In the past ‘digital-first’ public services have not always been well-received, when they have seemed to offer existing services through unfamiliar channels that transfer administrative burdens from providers to users. Cost-saving innovation is understandable, because the financial pressures on public services demand continual productivity improvements. But in recent years the quality of online government services has really started to get better and in the decade ahead new technologies could radically improve people’s experiences of public services.
Transactions with the public sector should become far easier and less fragmented, particularly as the UK’s single government portal matures. End-to-end digital services (including human contact via video-link not just automated processes) will break down the physical barriers that stop people using public services. Meanwhile good design, focused on accessibility, simplicity and the needs of diverse users can minimise technology-related forms of exclusion.
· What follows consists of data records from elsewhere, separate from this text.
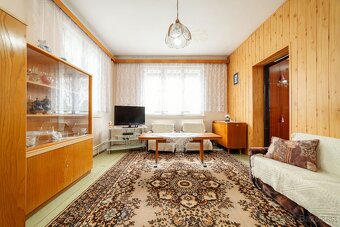 4-izbový rodinný dom s veľkým pozemkom a garážou – Borský Mi - 6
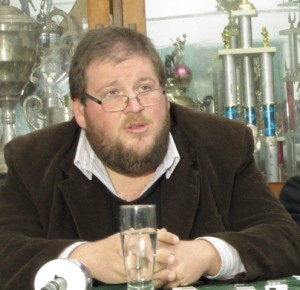 Leonardt le respondió a Rezzet.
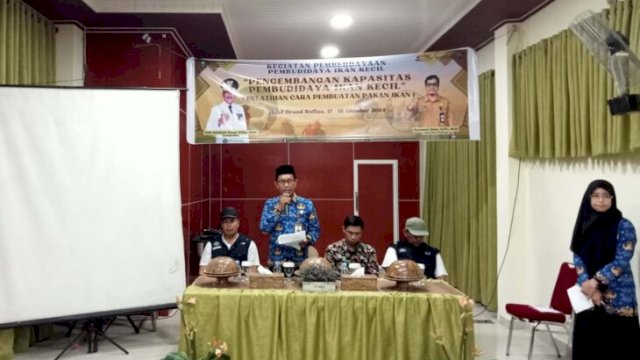 Kabid Perikanan Budidaya Dinas Perikanan Sinjai, Irwan Syamsuddin, saat membuka acara praktik pembuatan pakan ikan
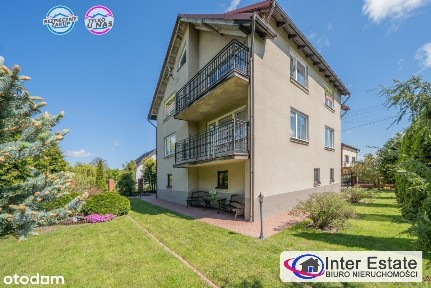 Dom wolnostojący z garażem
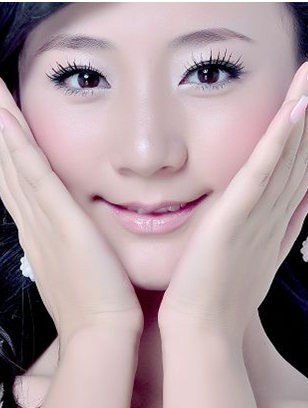  p data-id="gnvhynfpy4">《花开十三月》是重小烟演唱的歌曲,由半生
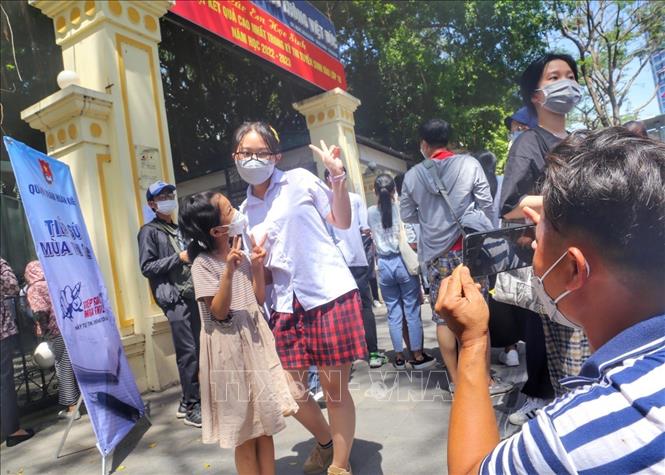 Bố chụp ảnh lưu niệm sau khi con hoàn thành tốt môn Toán tại điểm thi Trường THPT Việt Đức, quận Hoàn Kiếm. Ảnh: Tuấn Đức - TTXVN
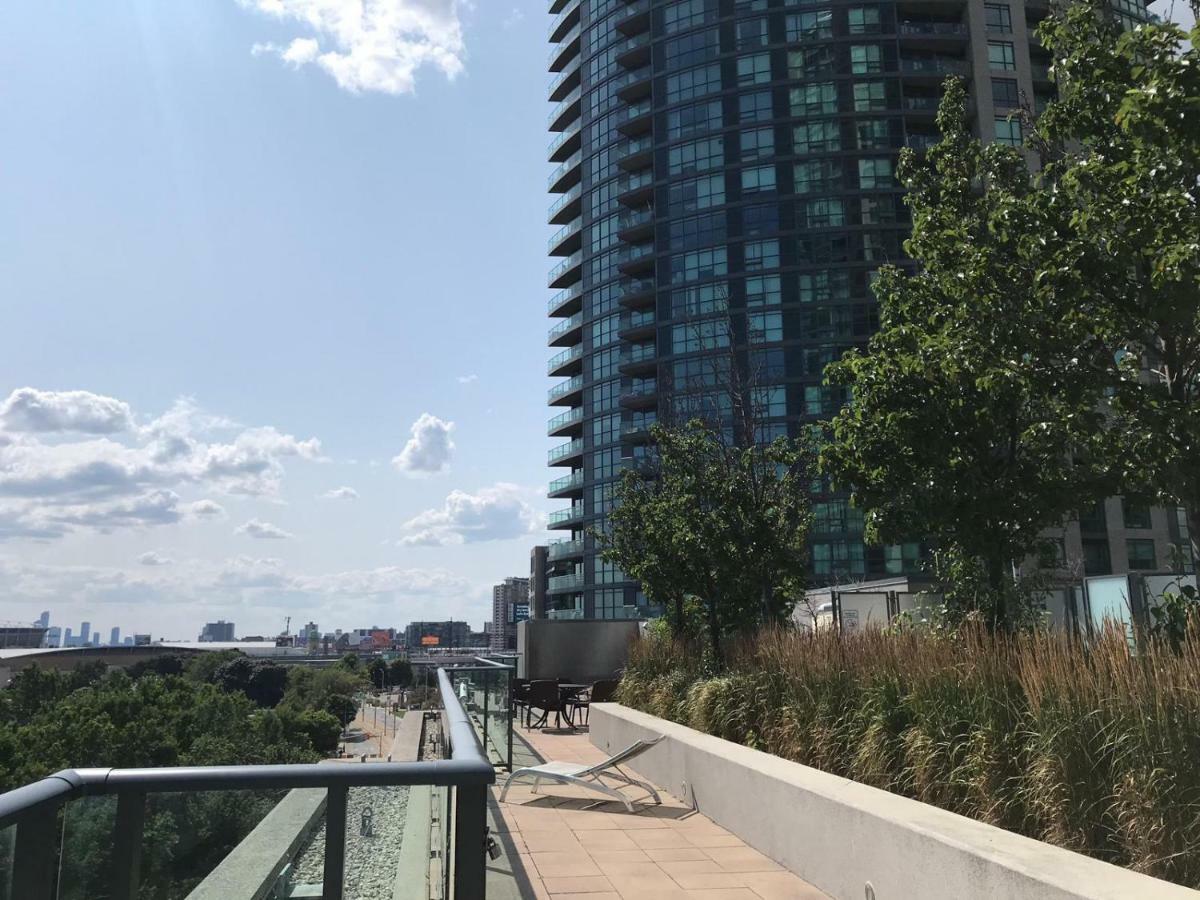 Executive 1 Bedroom Condo Sleeps 2 Toronto Ngoại thất bức ảnh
Done right, the UK’s common digital gateway for public services could also bring the opportunity to de-stigmatise dimensions of the welfare state that are today viewed with suspicion: with a single online portal applying for means-tested benefits might one day become as psychologically neutral as paying council tax or finding childcare.
The real prize however is not better interactions with government but ‘invisible’ service delivery, where public services work together for people without their direct engagement. The possibilities include automatic repeat prescriptions from general practices through better data management; ‘tell me once’ data-sharing that triggers access to every benefit and service to which someone is entitled; and profiling using AI and large datasets to predict likely risks and needs and orient services around targeting and prevention.
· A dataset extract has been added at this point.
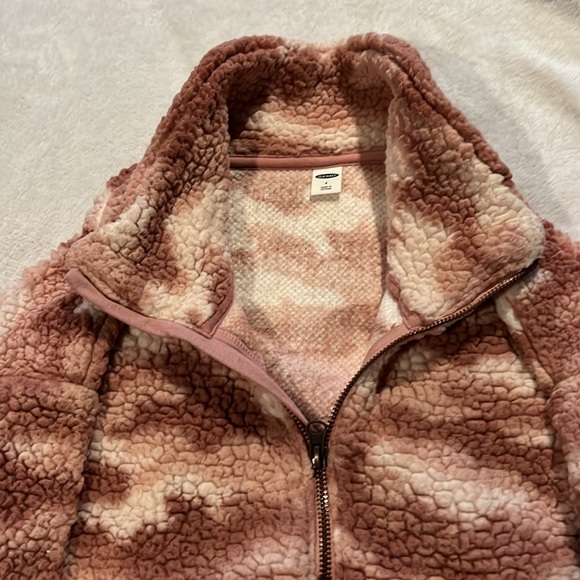 Old Navy Pink Camo Quarter-Zip - Picture 2 of 4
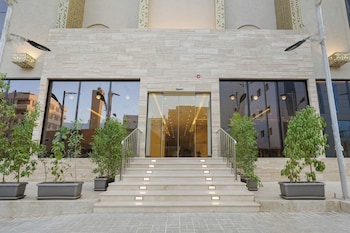 Karam Suite,,0 star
These innovations can only be achieved at scale however if governments earn people’s trust with respect to data. Public services must convince people they are committed to data privacy, ethics and control, and give people ownership of their own data. There is a win-win here: the more government stands up to ‘big tech’ with respect to data rights in the private sector, the more it can earn public trust to use data well in delivering public services. This will require public authorities to keep a larger measure of control over the design and implementation of their digital systems and the data they generate, in order to remain transparent, participatory and respectful of citizens’ rights.
The 2020s are a time of great possibility for public services. There is huge potential for new technologies to meet our shared needs, and this can be best realised in the context of strong public interest institutions working in collaboration not competition. But there are big risks too, because the demands on the public realm will be so high. In many European counties, public services were already threadbare before the coronavirus crisis. Without more money, faster innovation and a stronger voice for citizens they could enter into a declining spiral, where people lose confidence and trust. With right-wing governments in power across so much of Europe that risk has grown more likely, but it is not inevitable. The 2020 emergency is revealing the essential role of welfare states. The future of public services can be filled with hope.